Storage architecture
Scouter’s server stores OTel spans in a Delta Lake + Apache DataFusion columnar engine, replacing Postgres-only trace storage. Spans are ingested at high throughput via a dual-actor write pipeline and queried via DataFusion SQL — giving you sub-second reads, efficient compaction, and cloud-native object store support.
Write Path
Section titled “Write Path”flowchart LR
subgraph CL ["Client"]
APP["Application code"]
EX[ScouterSpanExporter]
end
subgraph SI ["Server ingestion"]
TP["Transport layer"]
WK["Consumer worker"]
MH[MessageHandler]
end
subgraph SL ["Storage layer"]
BUF["Buffer actor\n10K cap · 5s flush"]
ENG["Engine actor\nsingle writer"]
TS[("Delta Lake\ntrace_spans")]
SUM["TraceSummaryService\nwrite_summaries"]
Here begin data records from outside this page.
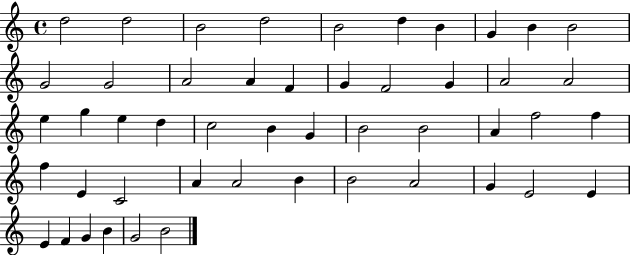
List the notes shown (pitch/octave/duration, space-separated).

D5/h D5/h B4/h D5/h B4/h D5/q B4/q G4/q B4/q B4/h G4/h G4/h A4/h A4/q F4/q G4/q F4/h G4/q A4/h A4/h E5/q G5/q E5/q D5/q C5/h B4/q G4/q B4/h B4/h A4/q F5/h F5/q F5/q E4/q C4/h A4/q A4/h B4/q B4/h A4/h G4/q E4/h E4/q E4/q F4/q G4/q B4/q G4/h B4/h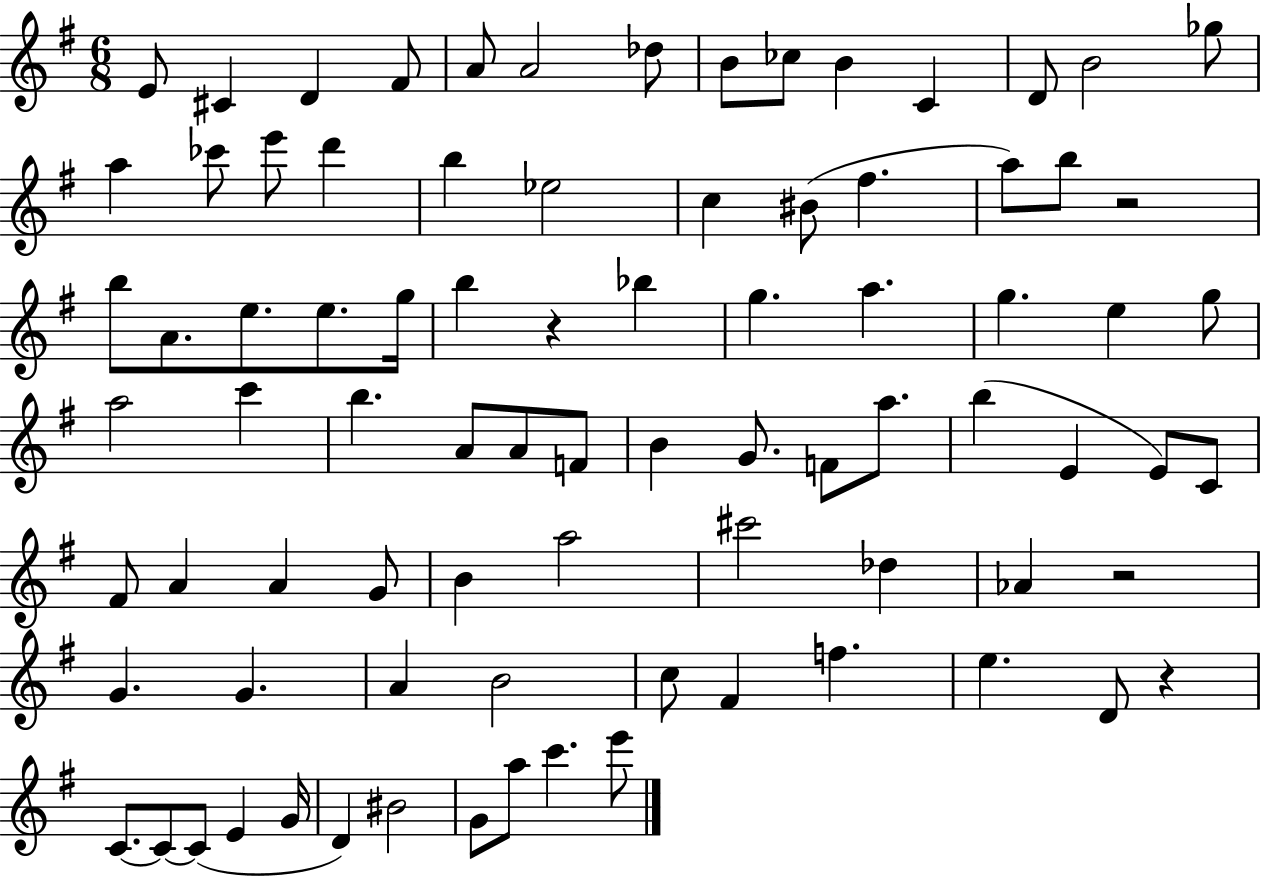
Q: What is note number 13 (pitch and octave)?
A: B4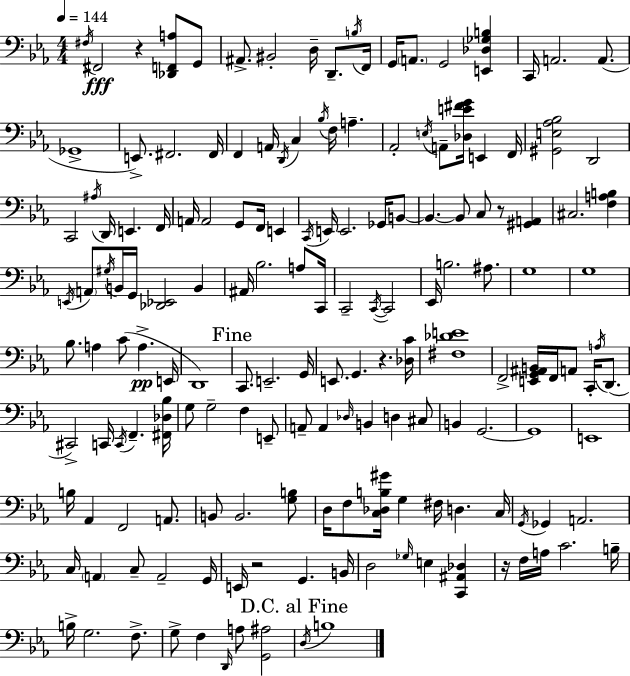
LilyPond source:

{
  \clef bass
  \numericTimeSignature
  \time 4/4
  \key ees \major
  \tempo 4 = 144
  \repeat volta 2 { \acciaccatura { fis16 }\fff fis,2 r4 <des, f, a>8 g,8 | ais,8.-> bis,2-. d16-- d,8.-- | \acciaccatura { b16 } f,16 g,16 \parenthesize a,8. g,2 <e, des ges b>4 | c,16 a,2. a,8.( | \break ges,1-> | e,8.->) fis,2. | fis,16 f,4 a,16 \acciaccatura { d,16 } c4 \acciaccatura { bes16 } f16 a4.-- | aes,2-. \acciaccatura { e16 } a,8-- <des e' fis' g'>16 | \break e,4 f,16 <gis, e aes bes>2 d,2 | c,2 \acciaccatura { ais16 } d,16 e,4. | f,16 a,16 a,2 g,8 | f,16 e,4 \acciaccatura { c,16 } e,16 e,2. | \break ges,16 b,8~~ b,4.~~ b,8 c8 | r8 <gis, a,>4 cis2. | <f a b>4 \acciaccatura { e,16 } \parenthesize a,8 \acciaccatura { gis16 } b,16 g,16 <des, ees,>2 | b,4 ais,16 bes2. | \break a8 c,16 c,2-- | \acciaccatura { c,16~ }~ c,2 ees,16 b2. | ais8. g1 | g1 | \break bes8. a4 | c'8( a4.->\pp e,16 d,1) | \mark "Fine" c,8. e,2.-- | g,16 e,8. g,4. | \break r4. <des c'>16 <fis des' e'>1 | f,2-> | <e, g, ais, b,>16 f,16 a,8 c,16-. \acciaccatura { a16 }( d,8. cis,2->) | c,16 \acciaccatura { c,16 } f,4.-- <fis, des bes>16 g8 g2-- | \break f4 e,8-- a,8-- a,4 | \grace { des16 } b,4 d4 cis8 b,4 | g,2.~~ g,1 | e,1 | \break b16 aes,4 | f,2 a,8. b,8 b,2. | <g b>8 d16 f8 | <c des b gis'>16 g4 fis16 d4. c16 \acciaccatura { g,16 } ges,4 | \break a,2. c16 \parenthesize a,4 | c8-- a,2-- g,16 e,16 r2 | g,4. b,16 d2 | \grace { ges16 } e4 <c, ais, des>4 r16 | \break f16 a16 c'2. b16-- b16-> | g2. f8.-> g8-> | f4 \grace { d,16 } a8 <g, ais>2 | \mark "D.C. al Fine" \acciaccatura { d16 } b1 | \break } \bar "|."
}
TSM[("Delta Lake\ntrace_summaries")]
end
APP --> EX
EX --> TP --> WK --> MH
MH -->|"write_spans"| BUF
BUF -->|"TableCommand::Write"| ENG
ENG -->|"build_batch\nappend"| TS
MH -->|"write_summaries"| SUM
SUM --> TSM
Every span batch is processed by the MessageHandler, which fans out to two Delta Lake destinations:
- Delta Lake
trace_spans— full span data via the dual-actor buffer/engine pipeline - Delta Lake
trace_summaries— one row per trace, updated as spans arrive viaTraceCache(accumulates span updates and flushes per-trace summaries on flush)
Component Reference
Section titled “Component Reference”| Component | Crate | File | Purpose |
|---|---|---|---|
TraceSpanService | scouter_dataframe | parquet/tracing/service.rs | Global singleton; owns both actors and the query service |
TraceSpanDBEngine | scouter_dataframe | parquet/tracing/engine.rs | Delta Lake single-writer actor |
TraceSpanBatchBuilder | scouter_dataframe | parquet/tracing/engine.rs | Zero-copy Arrow serialization of TraceSpanRecord |
TraceQueries | scouter_dataframe | parquet/tracing/queries.rs | DataFusion query execution and DFS span tree assembly |
TraceSummaryService | scouter_dataframe | parquet/tracing/summary.rs | Hour-bucketed summary table with cursor pagination |
CachingStore | scouter_dataframe | caching_store.rs | ObjectStore wrapper; caches head() and small range reads (≤2 MB) for immutable Parquet files |
ObjectStore | scouter_dataframe | storage.rs | Constructs the concrete cloud/local store wrapped in CachingStore; builds the tuned SessionContext |
Transport Layer (gRPC/HTTP/Kafka/RabbitMQ/Redis) | scouter_server / scouter_events | api/grpc/message.rs, api/routes/, events/ | Span ingestion handlers across all supported transports |
MessageHandler | scouter_sql | sql/postgres.rs | Consumer worker; routes spans to TraceSpanService and TraceSummaryService |
Write Path: Dual-Actor Design
Section titled “Write Path: Dual-Actor Design”TraceSpanService starts two long-lived Tokio tasks on initialization:
Buffer Actor
Section titled “Buffer Actor”Collects incoming TraceSpanRecord batches in memory and triggers a flush when either condition is met:
- Capacity: buffer reaches 10,000 spans
- Time: flush interval elapses (default: 5 seconds, configurable via
SCOUTER_TRACE_FLUSH_INTERVAL_SECS)
On flush, the buffer actor drains itself and sends a TableCommand::Write message to the engine actor, then awaits acknowledgment via a oneshot channel.
Engine Actor
Section titled “Engine Actor”The single writer for the Delta Lake table. It:
- Receives
TableCommand::Write { spans, respond_to } - Calls
build_batch()onTraceSpanBatchBuilderto produce an ArrowRecordBatch - Calls
write_spans()— acquires a write lock, refreshes the table state, appends the batch - Re-registers the updated table in the shared
SessionContextso queries immediately see new data - Sends
Ok(())back on the oneshot channel
Why this pattern? Delta Lake requires a single writer per table to avoid log conflicts. The two-actor design amortizes object-store I/O (many small span batches → fewer larger Parquet files per flush) while keeping the write lock duration minimal.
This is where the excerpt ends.